Aksiyon filmleri dönemlerine damga vurmuş oyuncularla anılır. Chuck Norris, Van Damme, Michael Dudikoff gibi. Jason Statham da aksiyon sinemasında bu isimler gibi bir yer edinmeye başladı. Jason Statham'ın rol aldığı çoğu film gibi, bu da beklentileri karşılamakta zorlanmayan bir film olmuş. Ölüm Yarışı ne olduğunu, nasıl bir seyir vaad ettiğini açıkça belli eden bir film olduğu için, türün meraklıları tarafından muhakkak ilgiyle karşılanacaktır. Bu ilginin karşılığını gerektiği gibi veren film, yine de ikinci kez izleme isteği uyandırmayacak derecede -tabiri caizse- çerezlik de bir yapım.
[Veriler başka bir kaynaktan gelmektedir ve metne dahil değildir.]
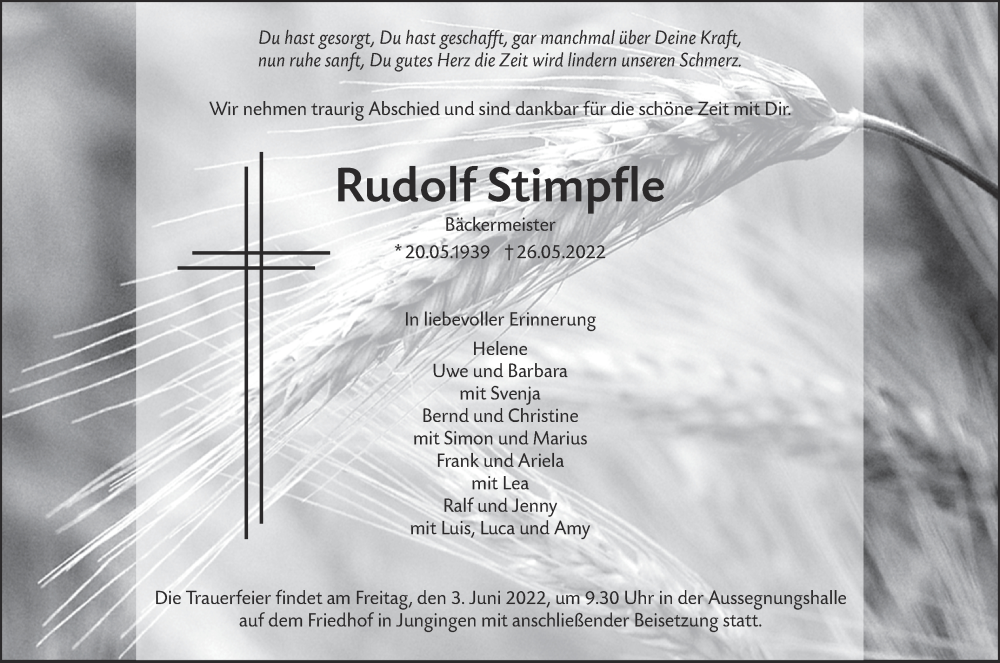  Traueranzeige für Rudolf Stimpfle vom 28.05.2022 aus SÜDWEST PRESSE Ausgabe Ulm/Neu-Ulm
Sinemanın sırtını dayadığı, oldukça akıllıca kullandığı birçok yan sanayinin olduğu malum. Edebiyat, zaten yıllardır gürüldeyen bir membağ gibi sinemanın tasını dolduruyor mesela. Son yıllarda teknolojinin koşar adım ilerlemesiyle bilgisayar oyunlarının da sinemaya kaynaklık ettiğini görmeye alıştık.
Death Race de bir bakıma bilgisayar oyunlarının sinemaya aktarılmasının tersi bir durum mevzu bahis. Sanki sinemayı bilgisayar oyununa adapte etmişler gibi... Film boyunca izleyici mütemadiyen bir video oyunu oynuyormuş hissini yaşıyor. Değişik aşamalarla dolu yarış, bilgisayar oyunlarını andırıyor. Araçlardaki silahların yol üzerindeki simgelerin üzerinden geçtikten sonra kullanılabilir olması gibi özellikler mevcut mesela.
Bir şeyi daha anladık bu film sayesinde. Yolu hapishaneden geçen bir filmin mutlaka olmazsa olmaz bazı durumları var. Hapishane müdürünün çok ama çok kötü bir insan olması, mahpusa düşen kahramanın hemen markaja alınarak kavgaya sürüklenmek zorunda bırakılması, özgürlüğüne karşı bazı ağır bedeller ödemesi gibi.
Bu aslında filmin tamamen aksiyon sahnelerine sırtını dayadığını, geri kalan her şeyin fazla önemsemeden klişelerle doldurulduğunun kanıtı. Elbette önemli olan aksiyon sahneleri, ama bunun dışında senaryoda önemsenmeyen noktalara da en az aksiyon sahneleri kadar önem verilse ortaya çıkan ürün daha iyi olurdu. Hele bazı klişeler var ki gerçekten acayip. Anlatsan spoiler olacak diyorsun kendi kendine. Öte yandan 'anlatsan ne fark eder ki, zaten daha evvel onlarca hatta yüzlerce kez tekrar edilmiş klişe formüller' diye de düşünüyor insan.
Kısaca "aksiyon sahnelerine özenilmiş, gerisi koyverilmiş" bir film Ölüm Yarışı. Film de zaten pür bir aksiyon filmi olduğundan belki diğer zayıflıkları görmezden gelinebilir. Bu tamamen seyirci beklentisine bağlı olarak değerlendirilebilecek bir durum. Amaç sürükleyicilik, hız ve biraz da eğlenceyse tamam. Ama en azından yalama olmuş bazı klişeleri, ilginçliği kalmamış senaryo formüllerini kullanmasalardı diye düşünüyor insan. Ayrıca sürpriz son takıntısının bazen ne kadar vahim sonuçlar doğurabildiğini de görebileceğiniz bir film Ölüm Yarışı.